Both storage engines implement the StorageEngine trait:
pub trait StorageEngine: Send {
    fn save(&mut self, node: &MemoryNode) -> Result<()>;
    fn load(&self, id: Uuid) -> Result<MemoryNode>;
    fn delete(&mut self, id: Uuid) -> Result<()>;
    fn list_all(&self) -> Result<Vec<Uuid>>;
}
This trait defines the core operations that any storage engine must support.

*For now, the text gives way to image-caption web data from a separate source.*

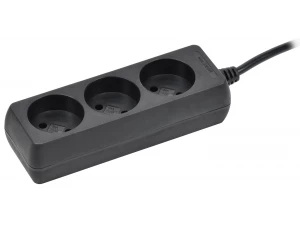 Удлинитель У3 3 места без заземления 3м 2х0,75мм2 10А 250В черный ИЭК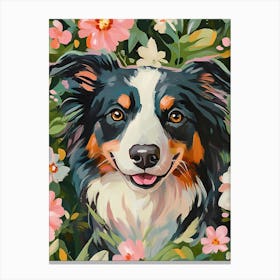 Border Collie Floral Painting Canvas Print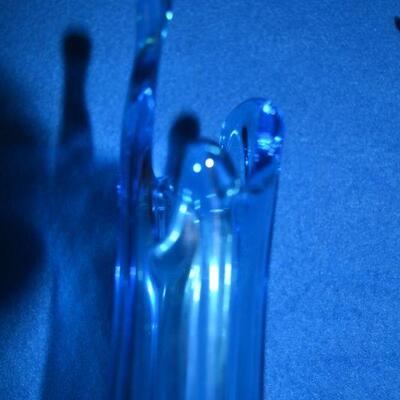 Lot#18 Two Depression Glass Vases, 4 Ceramic Flowers, and a Candle Holder
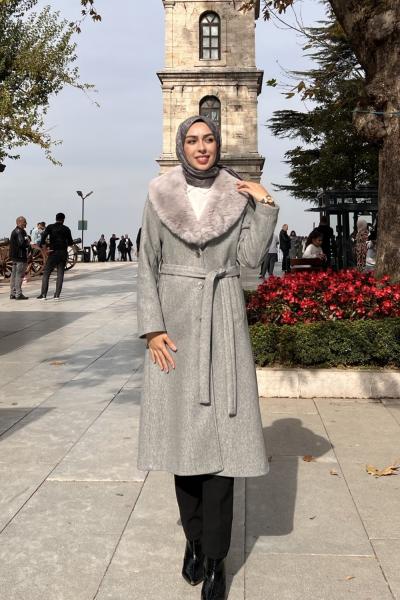 Bade Kürklü Kaban Gri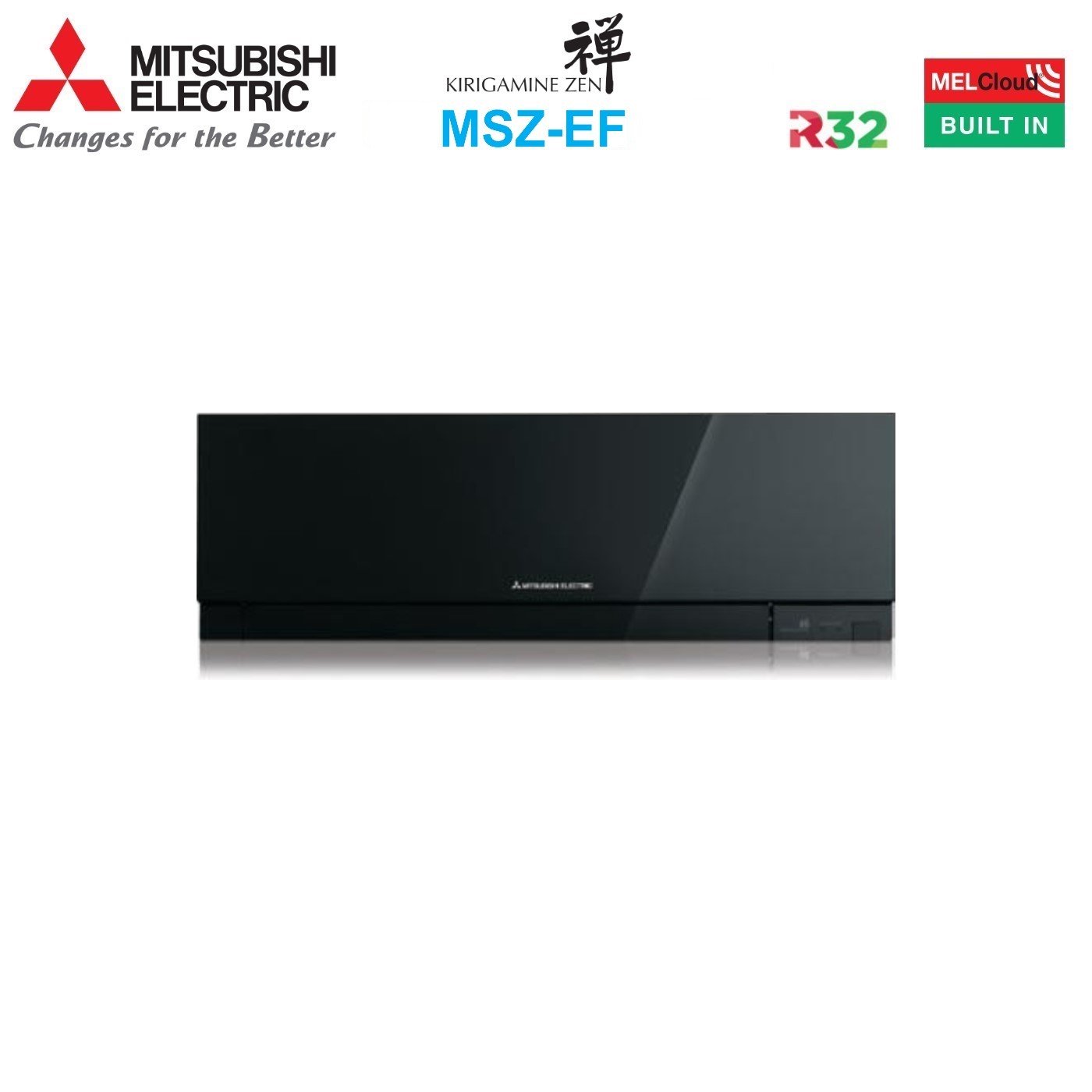 Air conditioner quad-split Mitsubishi Electric Inverter series KIRIGAMINE ZEN BLACK MSZ-EF 7+9+12+12 with MXZ-4F72VF R-32 built-in Wi-Fi Colore black 7000+9000+12000+12000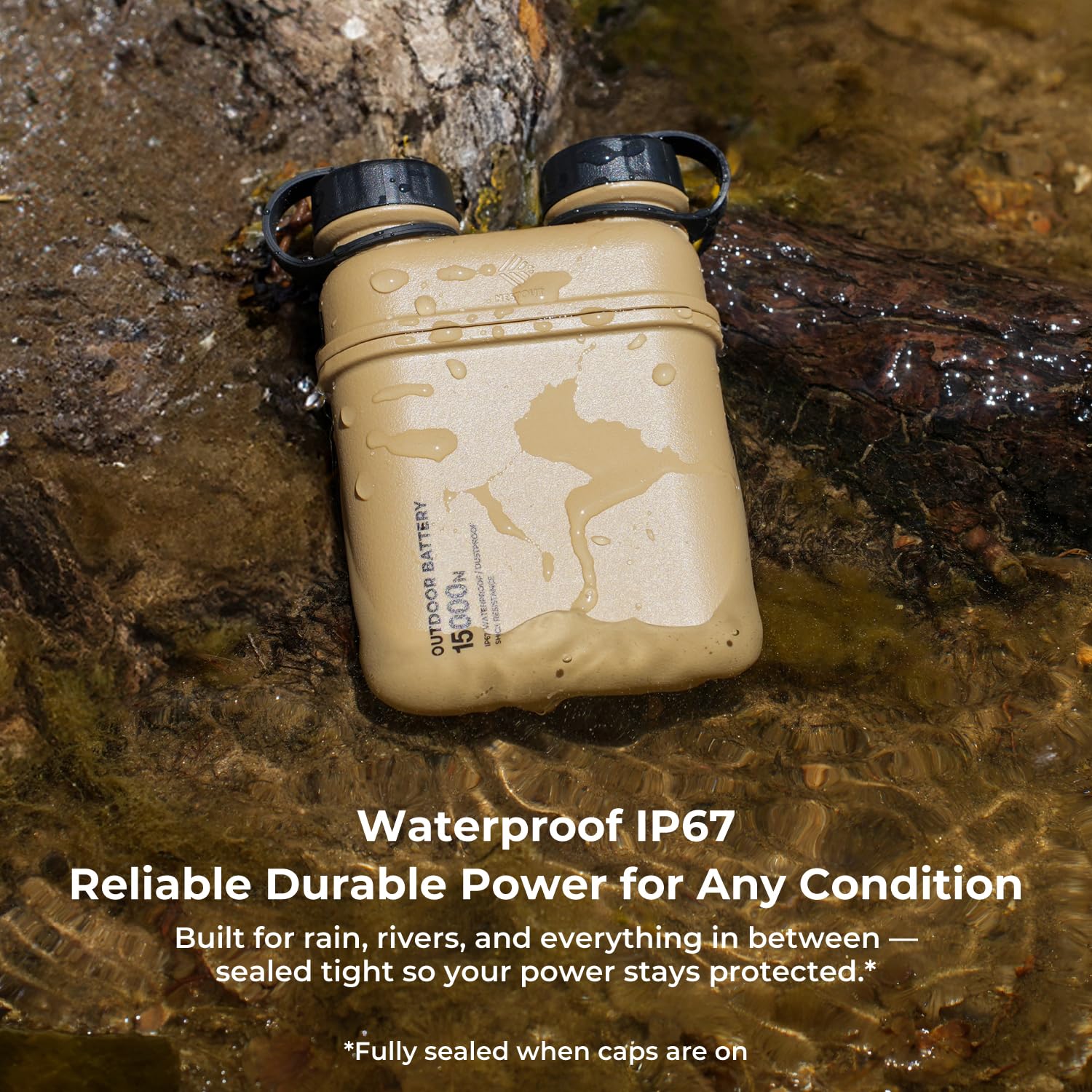 NESTOUT Rugged Power Bank, 15000mAh Outdoor Charger, 32W USB-C Fast Charging PD, Waterproof IP67, Durable Shockproof, Battery Pack for iPhone Tablet Hiking Travel Camping (Beige, 15000mAh)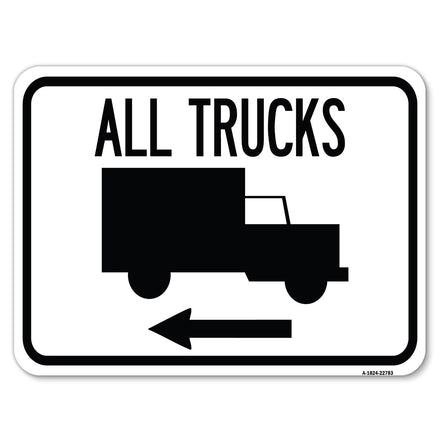 Trucks Sign All Trucks (With Truck Symbol & Left Arrow)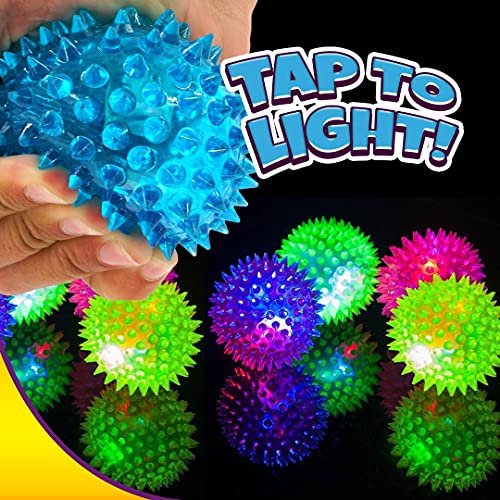 JA-RU Light Up Spiky Balls for Kids (24 Pack) – Light Up Bouncy Balls, Spiky Fidget Toys for Stress Relief, Sensory Bin Filler, Bulk Party Favors, & Classroom Prizes. 695-24p - size: 24 Pack of Spike Balls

Memory Storage Implementation

The Memory Storage Engine uses a simple HashMap to store memory nodes:
pub struct MemoryStorageEngine {
    memories: HashMap<Uuid, MemoryNode>,
}

File Storage Implementation

The File Storage Engine serializes memory nodes to JSON files:
pub struct FileStorageEngine {
    base_dir: PathBuf,
    memories_dir: PathBuf,
    index_dir: PathBuf,
    metadata_dir: PathBuf,
}

Best Practices

Memory Storage

  • Use for development, testing, and ephemeral applications
  • Be aware that all data will be lost when the application terminates
  • Monitor memory usage for large datasets

File Storage

  • Use for production applications where persistence is required
  • Always call initialize() after creating a file-based database
  • Implement regular backups of the storage directory
  • Consider file system performance characteristics

General Recommendations

  • Choose the appropriate storage engine based on your requirements
  • Initialize file-based databases to load existing memories
  • Implement error handling for storage operations
  • Consider implementing a custom storage engine for specialized needs

Future Storage Engines

Future versions of EngramDB may include additional storage engines:
  • Database Storage Engine: Integration with SQL or NoSQL databases
  • Distributed Storage Engine: Support for clustered deployments
  • Encrypted Storage Engine: Enhanced security for sensitive data
  • Tiered Storage Engine: Automatic migration between hot and cold storage

Conclusion

EngramDB’s flexible storage engine architecture allows you to choose the right storage solution for your needs. Whether you need the speed of in-memory storage for development or the persistence of file-based storage for production, EngramDB provides the tools to manage your agent memories effectively.